CockacidalManiac · 14/08/2017 11:35

Some of the posters on this thread are quite mad.
YANBU.

BoneyBackJefferson · 14/08/2017 11:38

GahBuggerit

What do you propose? Is this a rare thing? In this case we don't know.

I can tell you that a person that I know that has dementia has a companion with her 24/7 so that things like this don't happen.

The reason that I left the statement open is because I don't know what should happen.

And there are also alot of people out there that wouldn't have the same response as the OP did. I wonder what the responses would be if the the person being smacked had reacted in a more aggressive manner, A woman screaming in her face, a child with SN having a meltdown, a man slapping her back.

Or did this woman who we don't know if she has dementia pick on the one person that couldn't have an aggressive response?
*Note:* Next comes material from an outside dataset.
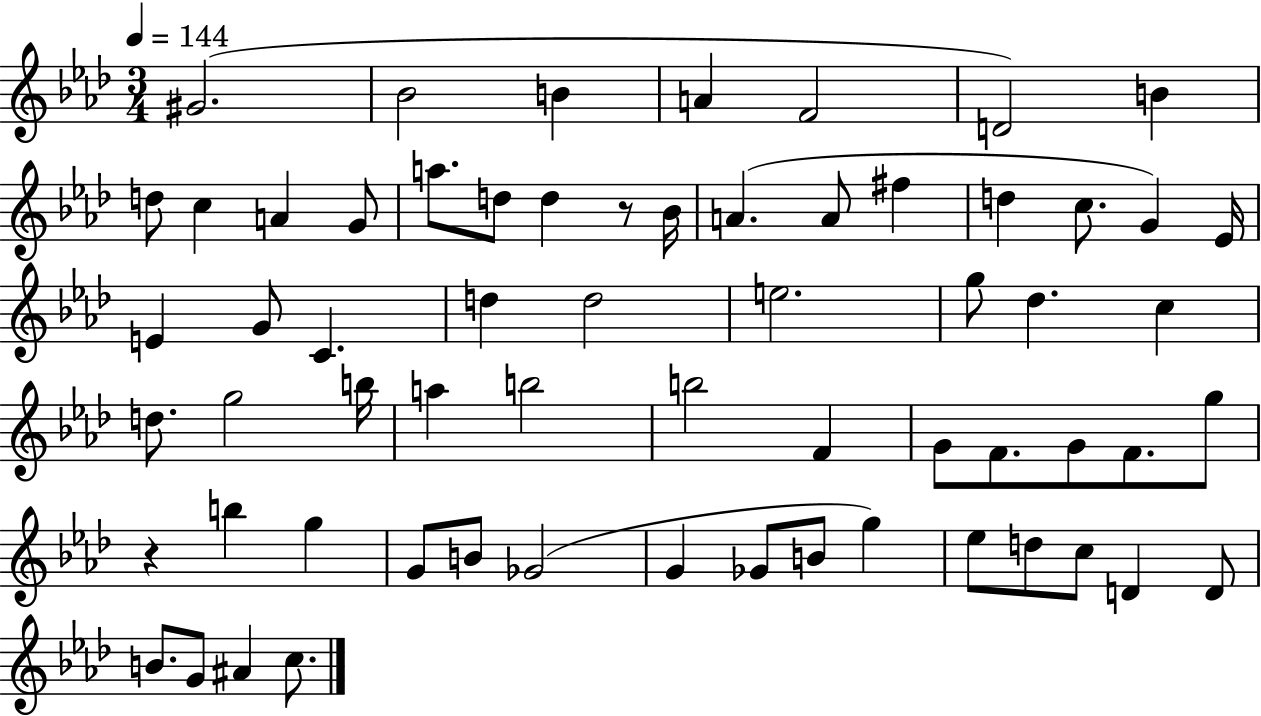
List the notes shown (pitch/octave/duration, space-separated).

Counterpane · 14/08/2017 11:45

I am a fairly 'live and let live' type but if someone hit me whilst I was going about my business I'm not sure me first reaction would be to analyse why they had done it.

The OP has a right to expect not to be assaulted, full stop.

Log a report in the work incident book, or whatever procedure your employer sets out because if this happens again and someone gets hurt you will be at fault for doing nothing.